Software Design Guidelines

This chapter focuses on key design decisions that should be considered, to achieve optimal performance, when integrating with the Intel QuickAssist Technology software. In many cases the best Intel QuickAssist Technology configuration is dependent on the design of the application stack that is being used and so it is not possible to have a one configuration fits all approach. The trade-offs between differing approaches will be discussed in this section to help the designer to make an informed decision.

The guidelines presented here focus on the following performance aspects:

Maximizing throughput through the accelerator.
Minimizing the offload cost incurred when using the accelerator.
Minimizing latency.

Each guideline will highlight its impact on performance. Specific performance numbers are not given in this document since exact performance numbers depend on a variety of factors and tend to be specific to a given workload, software, and platform configuration.

Polling vs Interrupts

Note

Not all use cases support interrupt mode, and not all software packages support interrupt mode.

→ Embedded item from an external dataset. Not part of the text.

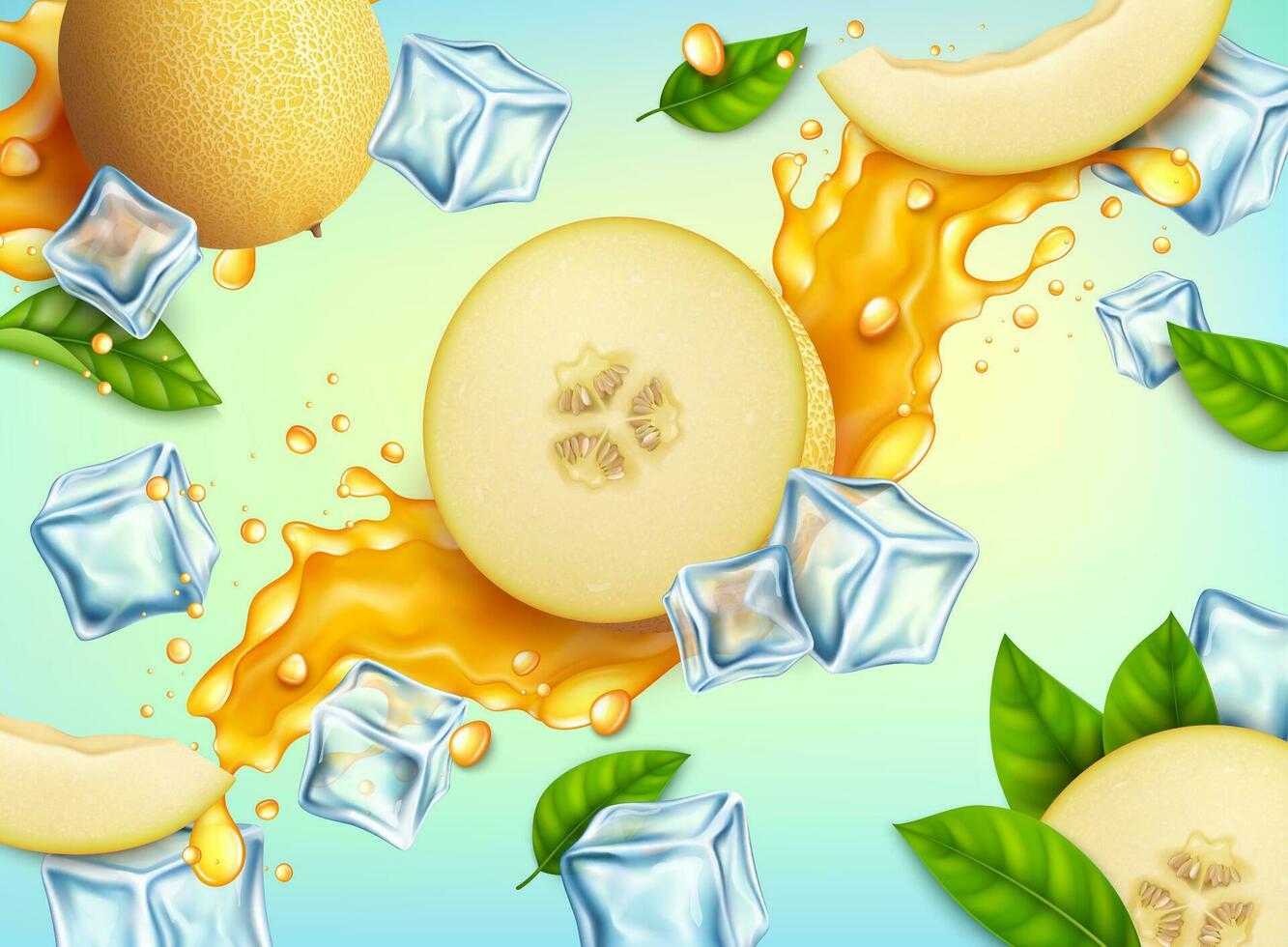 Realistic Detailed 3d Half Fresh Melon with Splash Juice Freshness Drink Concept Background. Vector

Software can either periodically query the hardware accelerator for responses or it can enable the generation of an interrupt when responses are available. Interrupts or polling mode can be configured per instance via the device configuration settings. Configuration parameter details are available in the Programmer’s Guide.

The properties and performance characteristics of each mode are explained below followed by recommendations on selecting a configuration.

Interrupt Mode

When operating in interrupt mode, the accelerator will generate an MSI-X interrupt when a response is placed on a response ring. Each ring bank has a separate MSI-X interrupt which may be steered to a particular CPU core via the CoreAffinity settings in the configuration file.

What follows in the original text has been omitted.